→ Collected data
▼
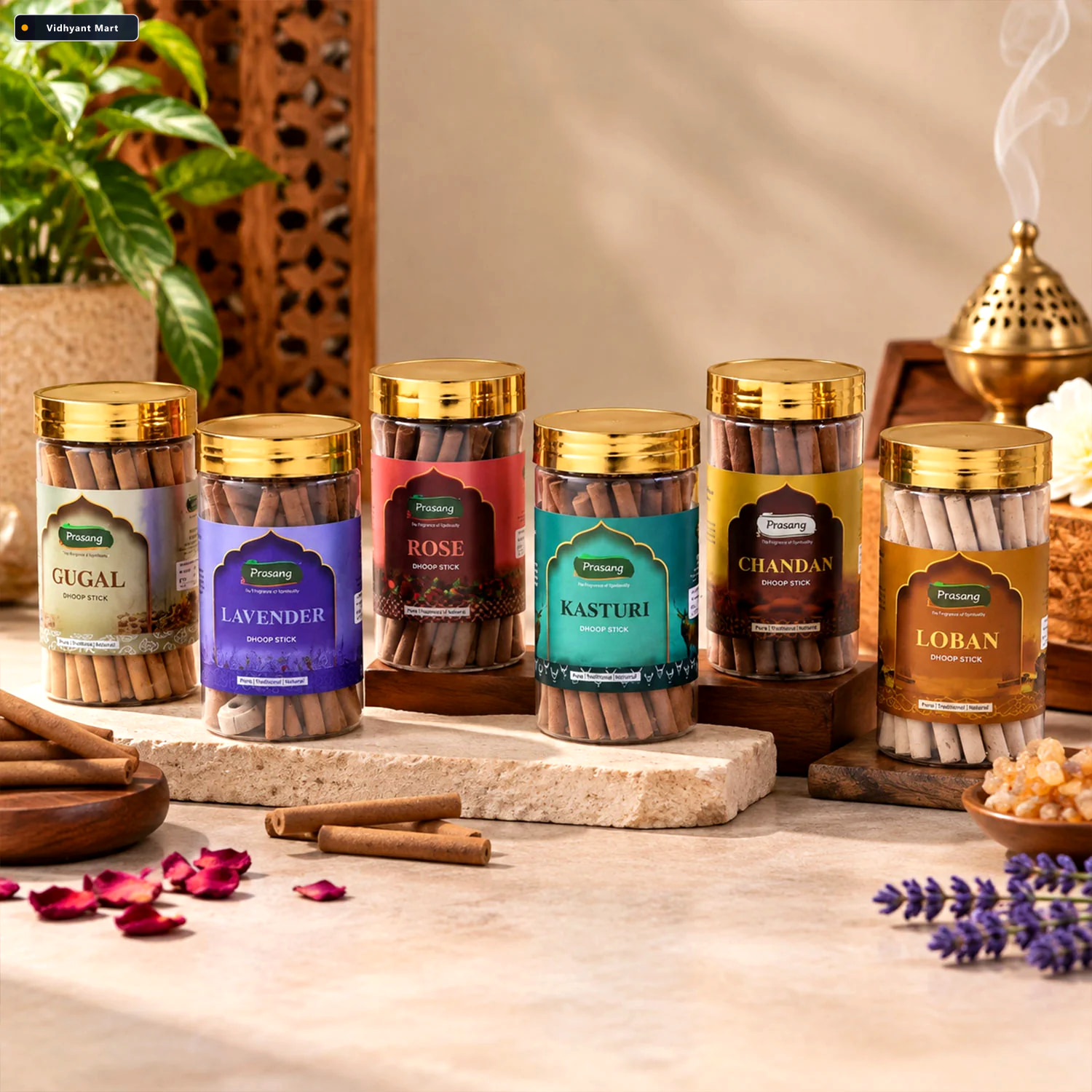 Vidhyant Mart Assorted Fragrance Dhoop Sticks Jar Combo For Dail 2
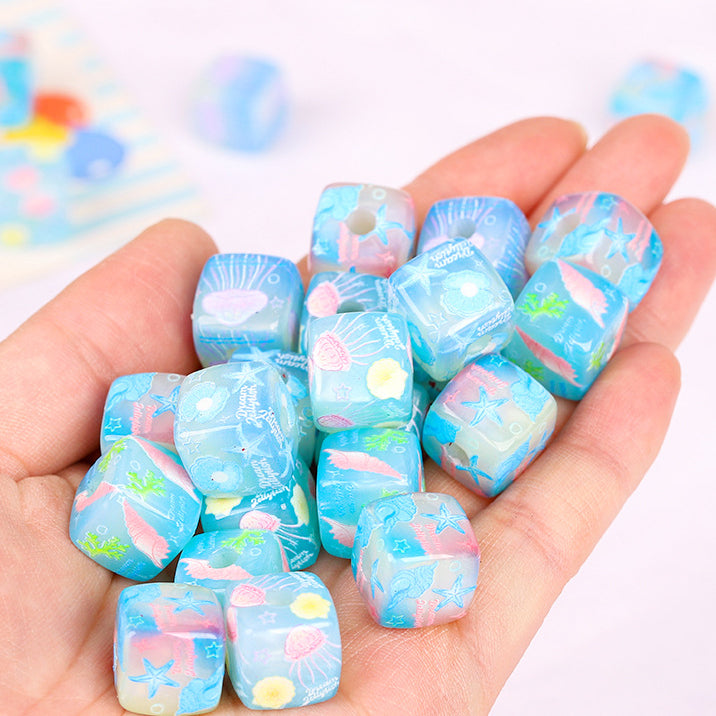 Jelly Texture Square Acrylic Beads 14mm Marine Series 10pcs 4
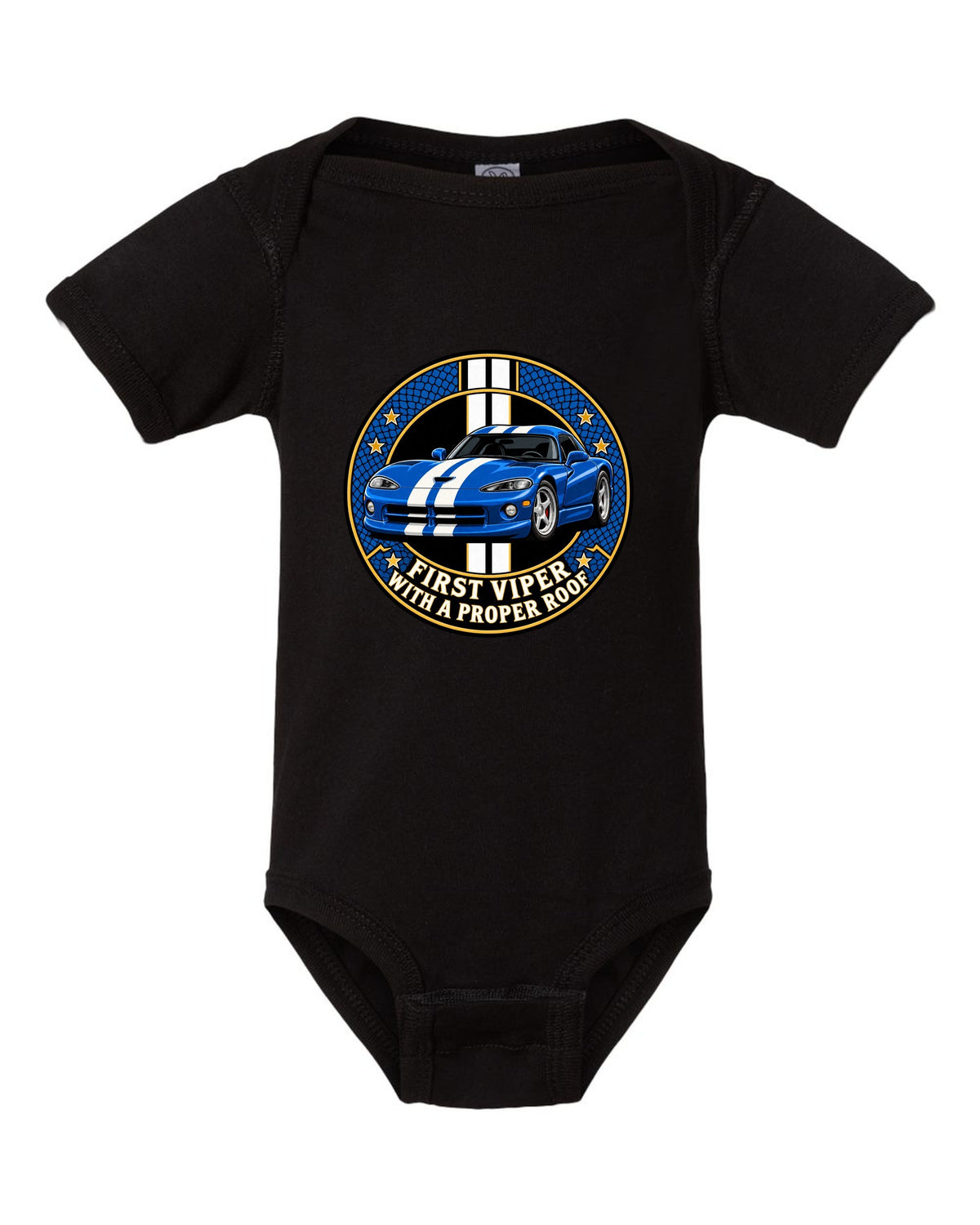 Original crest design print of a 1996 Dodge Viper GTS SR II with proper roof text black baby onesie front view with the design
▲
→ Work order
Pictures are to be omitted. Output verbatim only the lines from the one holding "Jelly Texture Square" through the end of the material, both included.

→ Answer box
 Jelly Texture Square Acrylic Beads 14mm Marine Series 10pcs 4
 Original crest design print of a 1996 Dodge Viper GTS SR II with proper roof text black baby onesie front view with the design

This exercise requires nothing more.